A mount namespace is the set of filesystem mounts that are visible to a process. From clone man page : Every process lives in a mount namespace. The namespace of a process is the data (the set of mounts) describing the file hierarchy as seen by that process.
Docker uses these primarily to make the container look like it has its entire own filesystem namespace. If you’ve ever used a chroot jail, this is its tougher cousin. It looks a lot like a chroot jail but goes all the way down to the kernel so that even mount and unmount system calls are namespaced. If you use docker exec or nsenter to get into a container, you’ll see a filesystem rooted on “/ “. but we know this isn’t the actual root partition of the system. It’s the mount namespaces that make that possible.
Mount namespaces provide isolation of the list of mount points seen by the processes in each namespace instance. Thus, the processes in each of the mount namespace instances will see distinct single-directory hierarchies.

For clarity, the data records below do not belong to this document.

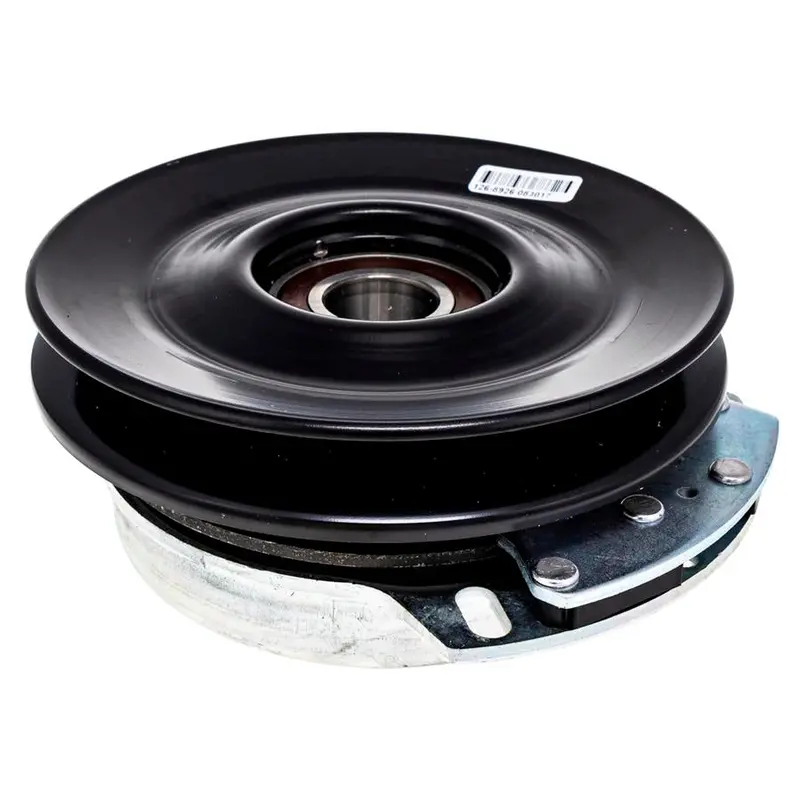 Toro 126-8926 Pto Clutch For Tube-Frame Titan Hd 2000/2500 Mowers 1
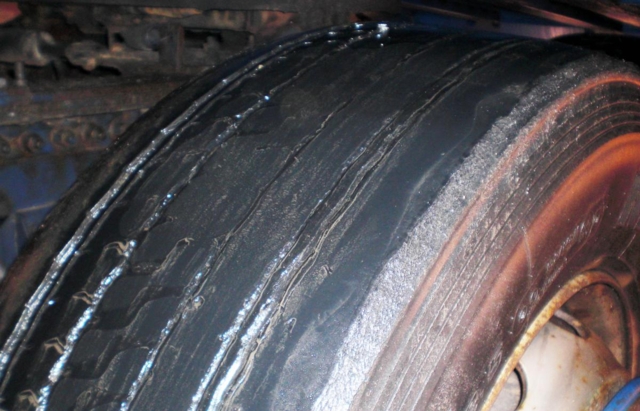 250 av 1.100 fikk kjøreforbud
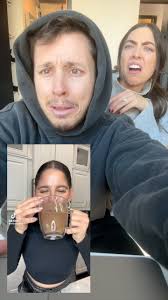 Cheese In Hot Chocolate!! 😧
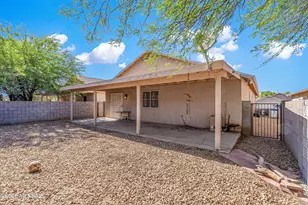2019 W Calle Cielo De Oro, Tucson, AZ 85746 - Photo 23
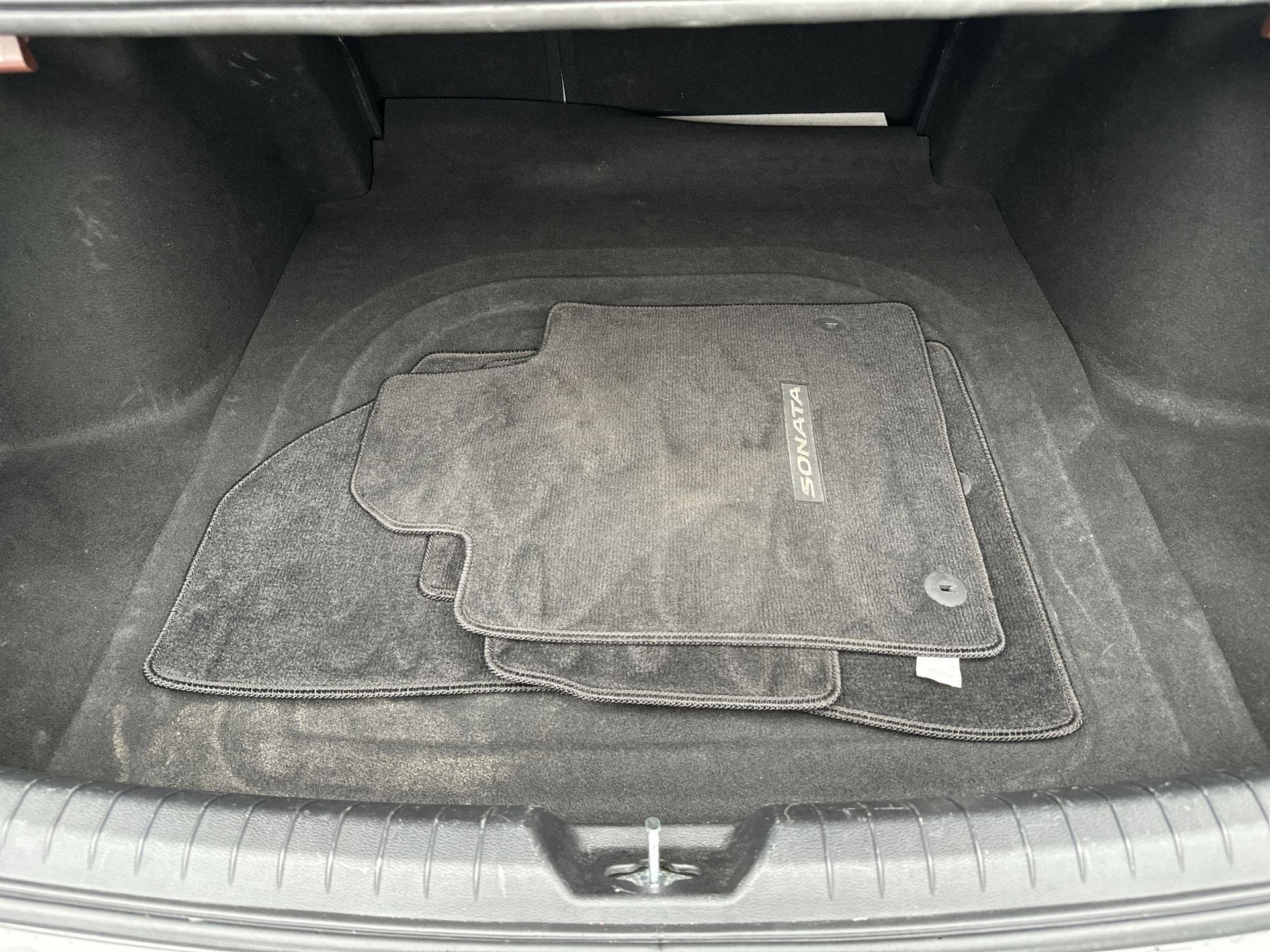 Used 2021 Hyundai Sonata SE image 21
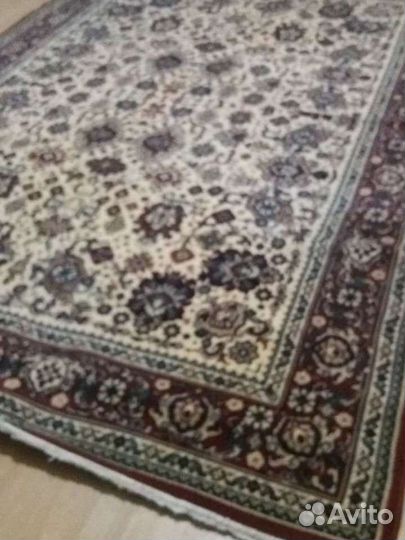 Ковер немецкий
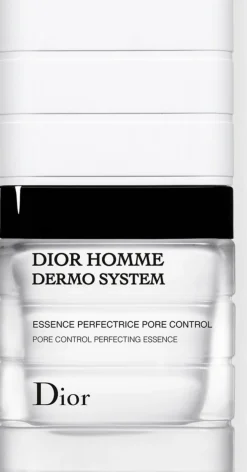 DIOR Homme Pore Control Perfecting Essence Cream voide 50 ml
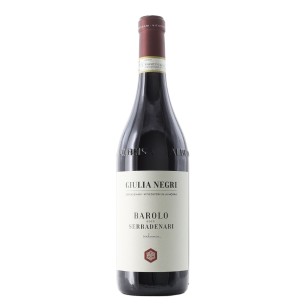 barolo serradenari 2022 75 cl negri giulia - enoteca pirovano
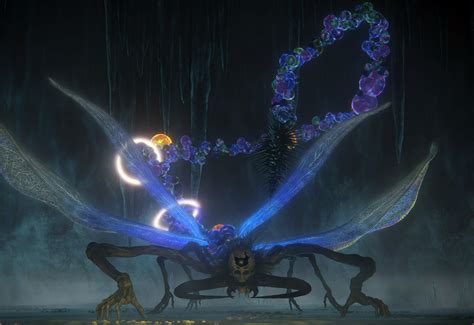 Astel Naturalborn of the Void | Elden Ring Wiki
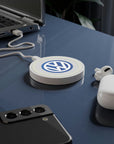 Volkswagen Quake Wireless Charging Pad™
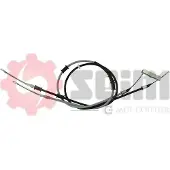 Seim 653200 Handremkabel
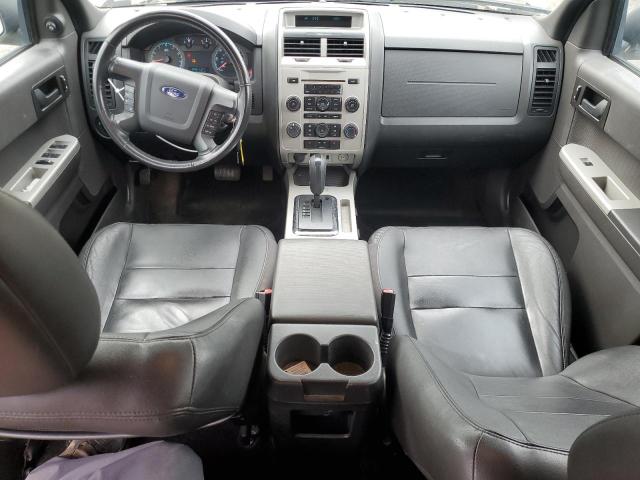Снимка 8 от търг – 2011 FORD ESCAPE XLT с VIN 1FMCU0DG4BKC56024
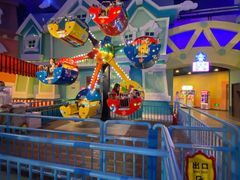 -大连海昌发现王国主题公园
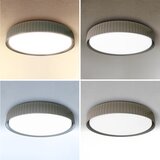  Brilagi - LED prigušiva plafonska svetiljka LUCIA LED/60W/230V pr. 59 cm taupe+DO | Eponuda.com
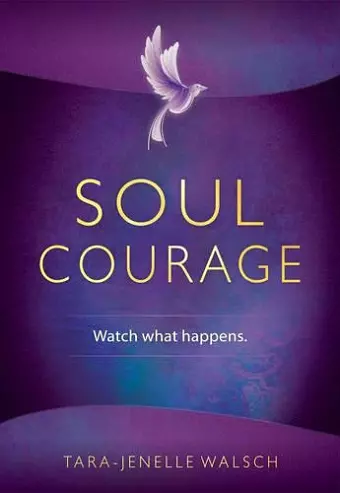 Soul Courage cover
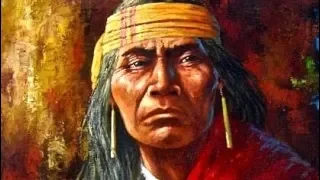 Chief Cochise Quotes From Nantan K uuch ish - Chiricahua Apache Leader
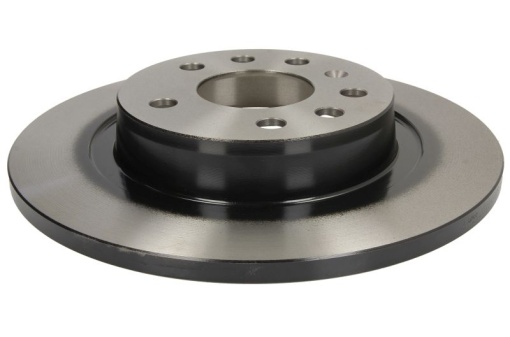 Disc frana Spate Dreapta/Stanga potrivit CADILLAC BLS; CHEVROLET VECTRA; FIAT CROMA, CROMA/KOMBI; OPEL SIGNUM, VECTRA C, VECTRA C GTS; SAAB 9-3, 9-3X 1.6-3.2 04.02-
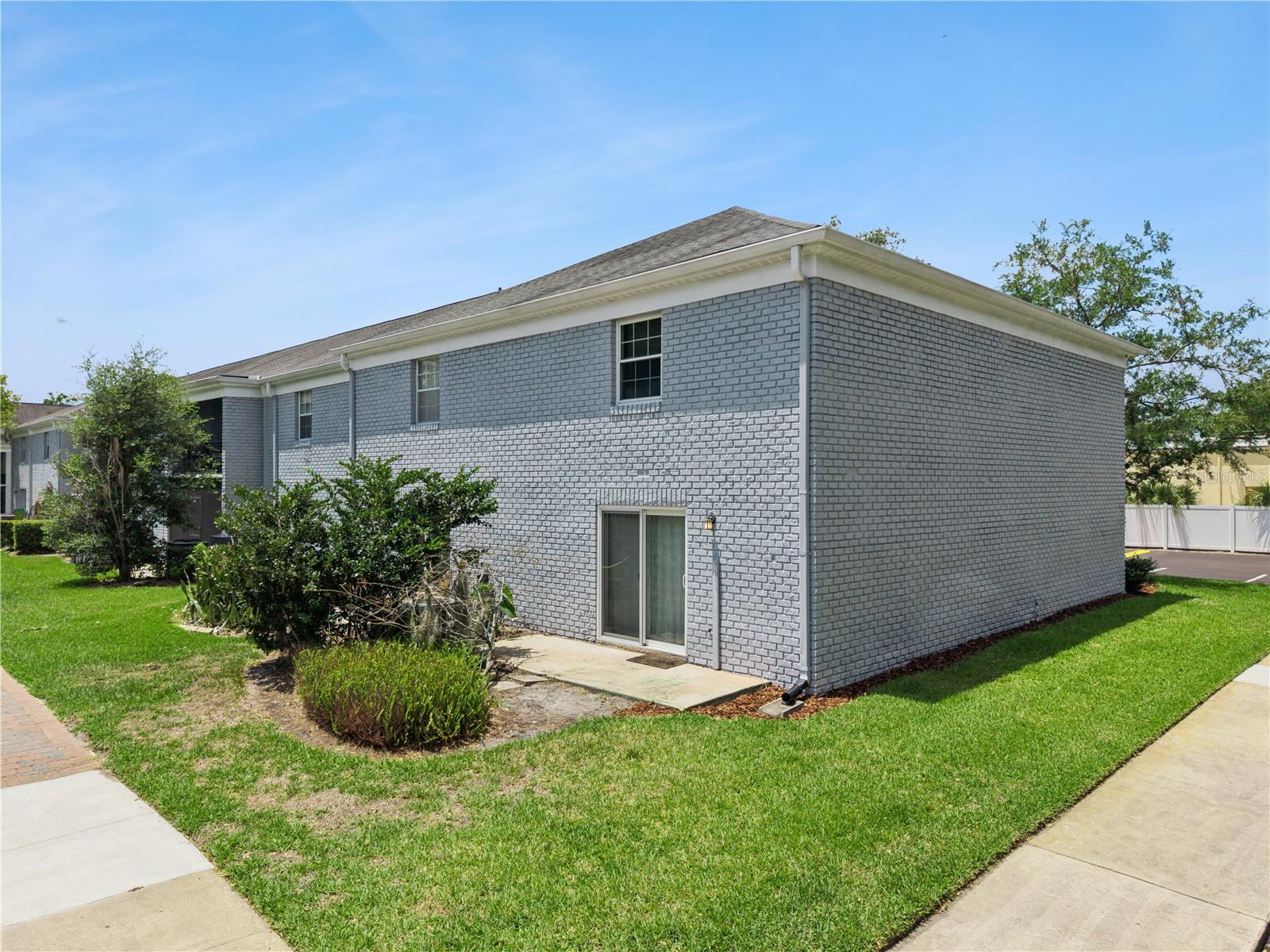 STRATFORD A WINTER PARK CONDO - Residential
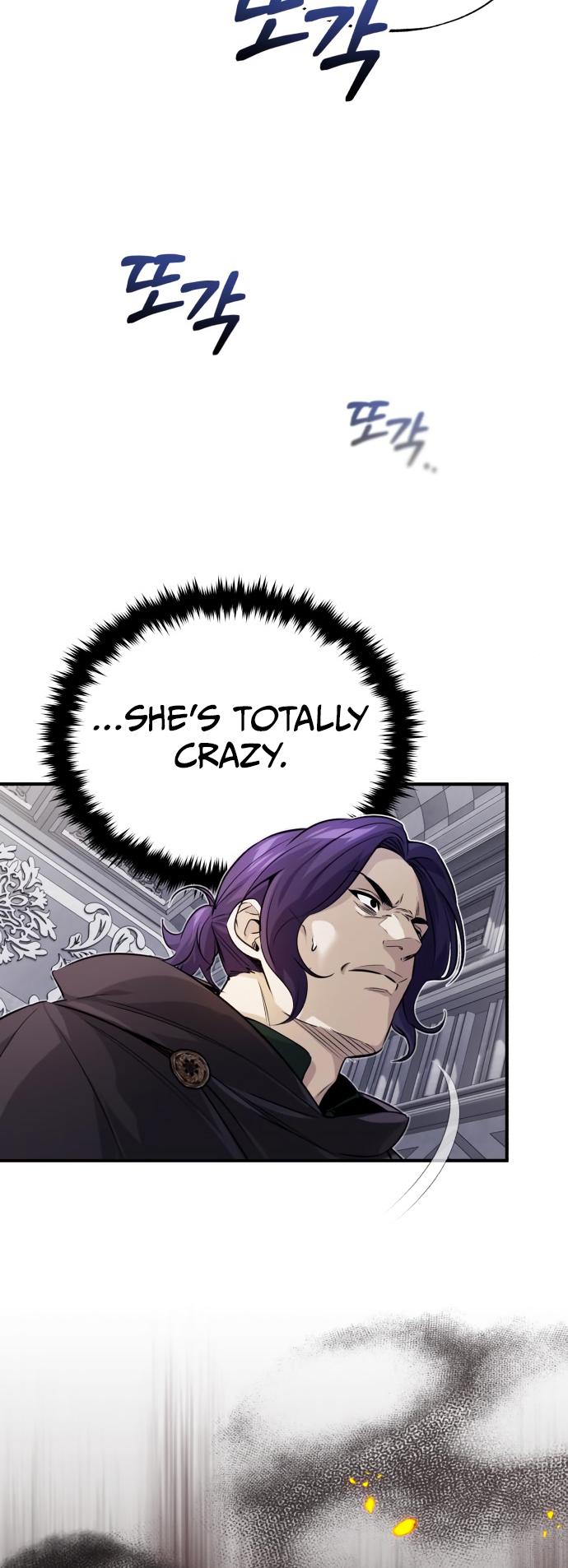 18+ The Dark Magician Transmigrates After 66666 Years Chapter 80 page 18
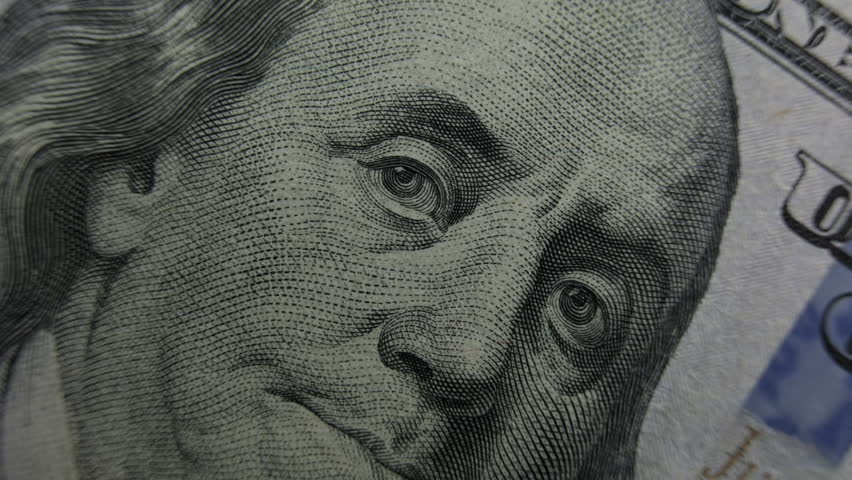 Benjamin Franklin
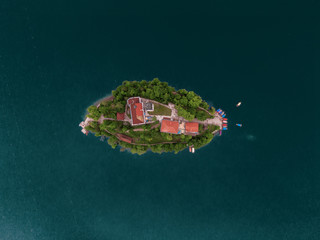 bled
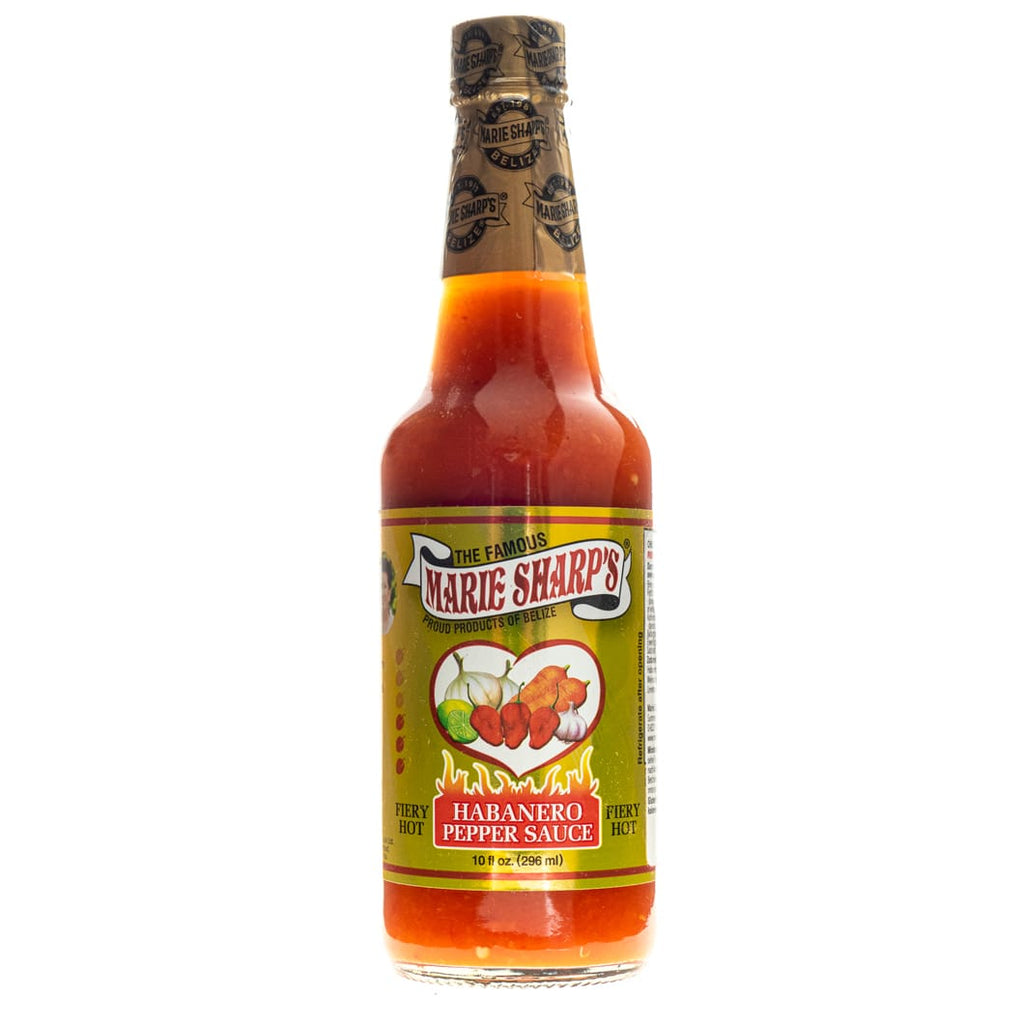 Fiery Hot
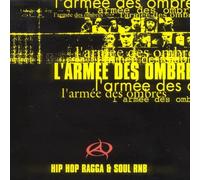 Gabriel Apple - L'armee Des Ombres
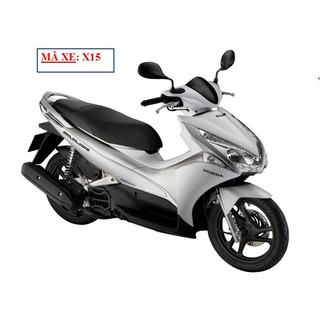 Đèn led xe ablade đầu to  2011/ 2012 (110cc) siêu sáng - bộ 2 bóng đèn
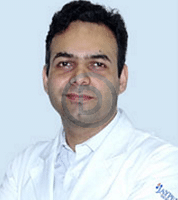 Dr. Dinesh Rattnani - Neuro Surgery
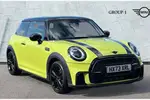 2023 MINI Hatchback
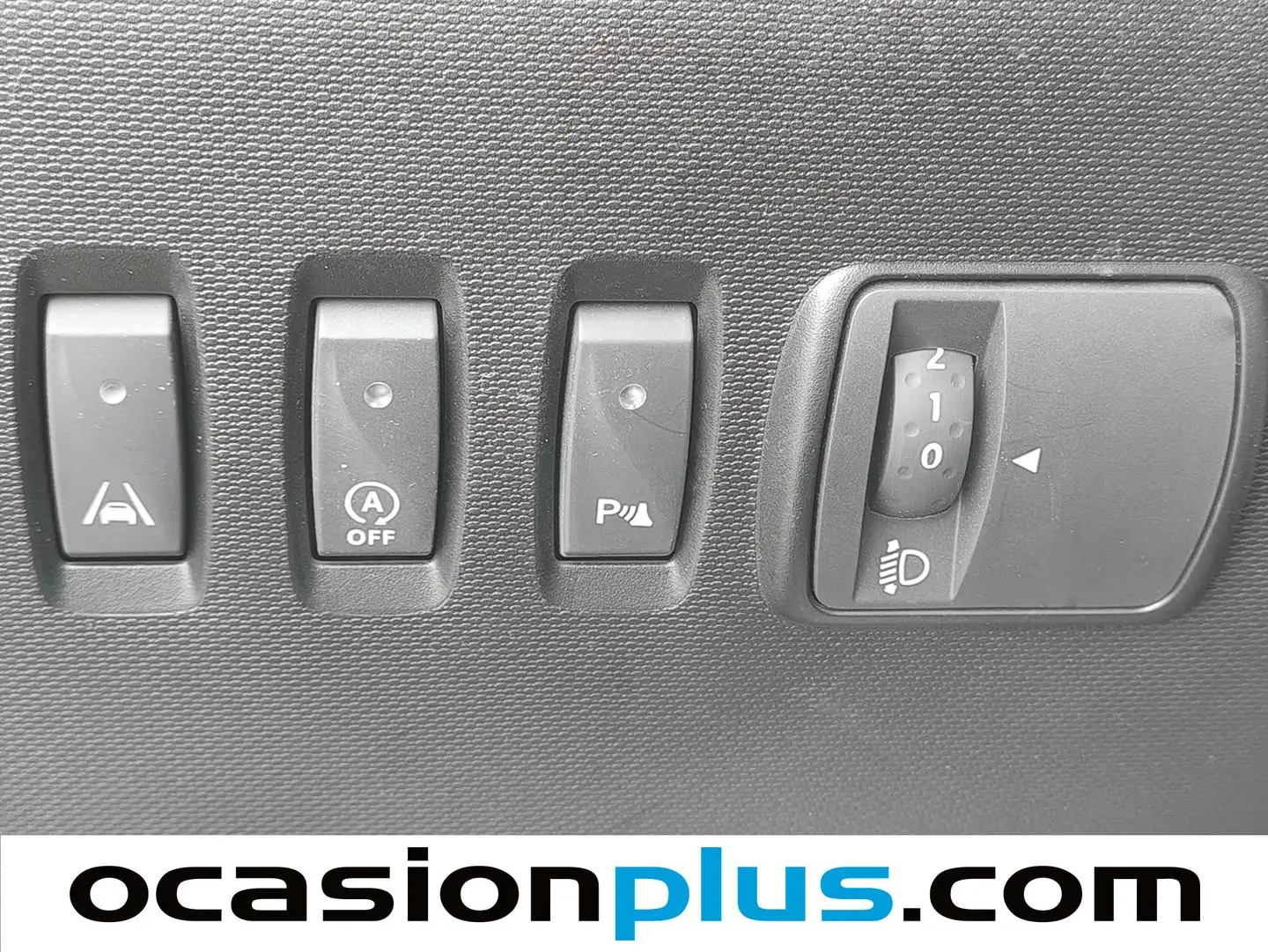 Foto Renault Twingo Renault Twingo SCe 70 Zen Energy (70 CV)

When the system is first booted, there is a single mount namespace, the so-called “initial namespace”. New mount namespaces are created by using the CLONE_NEWNS flag with either the clone() system call (to create a new child process in the new namespace) or the unshare() system call (to move the caller into the new namespace). When a new mount namespace is created, it receives a copy of the mount point list replicated from the namespace of the caller of clone() or unshare().
Following the clone() or unshare() call, mount points can be independently added and removed in each namespace (via mount() and umount()). Changes to the mount point list are (by default) visible only to processes in the mount namespace where the process resides; the changes are not visible in other mount namespaces.
Mount namespaces serve a variety of purposes. For example, they can be used to provide per-user views of the filesystem. Other uses include mounting a /proc filesystem for a new PID namespace without causing side effects for other process and chroot()-style isolation of a process to a portion of the single directory hierarchy. In some use cases, mount namespaces are combined with bind mounts.